An obstacle and empty space is marked as 1 and 0 respectively in the grid.
For example,
There is one obstacle in the middle of a 3x3 grid as illustrated below.
[
[0,0,0],
[0,1,0],
[0,0,0]
]
The total number of unique paths is 2.
Note: m and n will be at most 100.
解题思路
-
当(i, j)有障碍时dp[i][j] = 0
-
dp[0][j]和dp[i][0]未必为1.
dp[0][j] = obstacleGrid[0][j] ? 0 : dp[0][j-1]

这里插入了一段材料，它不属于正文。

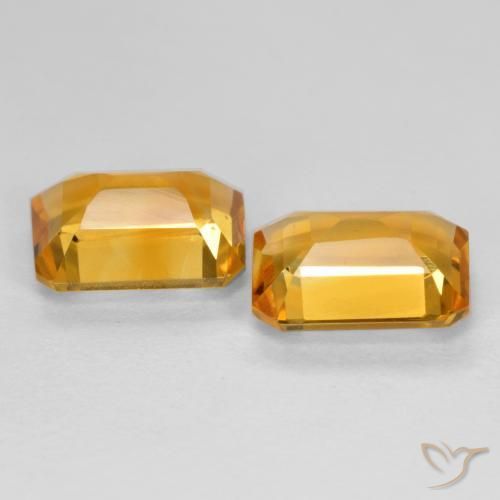Shop natural 2.55ct 濃いゴールデンオレンジ シトリン gems, 八角形 / エメラルドカット, from ブラジル at GemSelect. In stock, global shipping!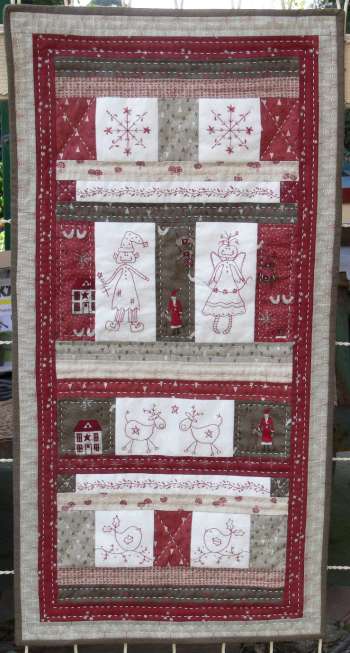 It's Christmas - by Gail Pan Designs - Stitchery Pattern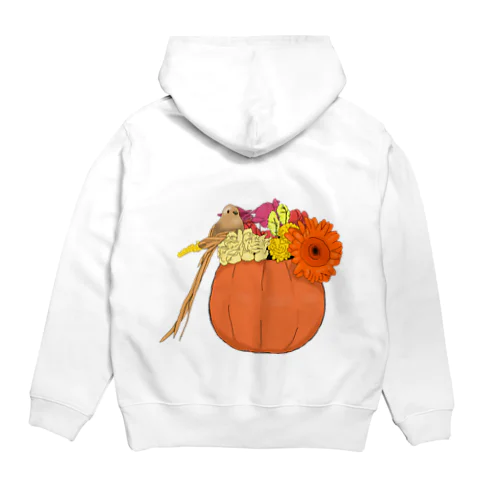 秋のかぼちゃの飾り Hoodie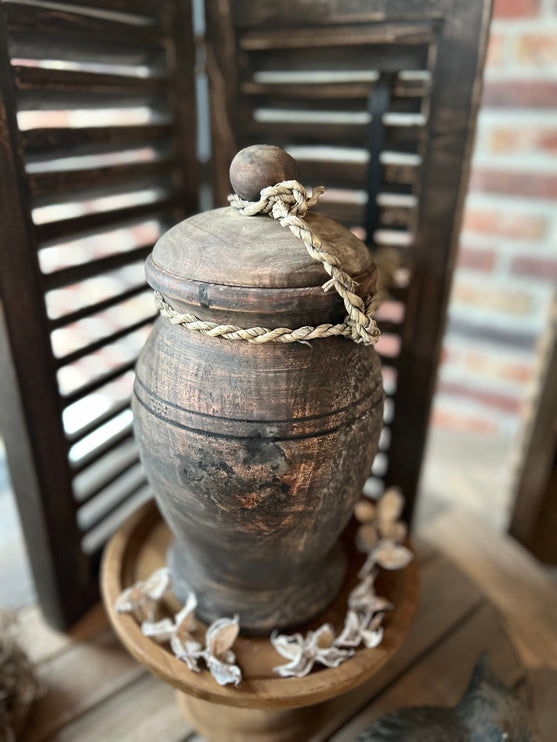 Authentieke Nepalese pot - Hout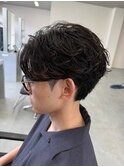 宇都宮メンズカットメンズパーマフェザーパーマ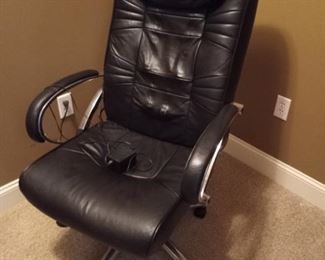 Leather office chair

dp[i][0] = obstacleGrid[i][0] ? 0 : dp[i-1][0] -
当obstacleGrid [0][0] = 1时,return 0
解题代码
class Solution {
public:
int uniquePathsWithObstacles(const vector<vector<int>>& obstacleGrid) const {
if (obstacleGrid[0][0] == 1) return 0;
vector<int>::size_type m = obstacleGrid.size();
vector<int>::size_type n = obstacleGrid[0].size();
vector<vector<int>> table(m, vector<int>(n));
for (vector<int>::size_type i = 1; i < m; i++) {
//table[i-1][0] 对于 table[i][0] 非常重要,决定了后面节点是否可达
table[i][0] = (table[i - 1][0] && obstacleGrid[i][0] == 0) ? 1 : 0;
}
for (vector<int>::size_type i = 1; i < n; i++) {
//table[0][i] 对于 table[0][i-1] 非常重要,决定了后面节点是否可达
table[0][i] = (table[0][i - 1] && obstacleGrid[0][i] == 0) ? 1 : 0;
}
for (vector<int>::size_type i = 1; i < m; i++) {
for (vector<int>::size_type j = 1; j < n; j++) {
table[i][j] = table[i][j - 1] + table[i - 1][j];
if (obstacleGrid[i][j] == 1)
table[i][j] = 0;
}
}
return obstacleGrid[m - 1][n - 1] ? 0 : table[m - 1][n - 1];
}
};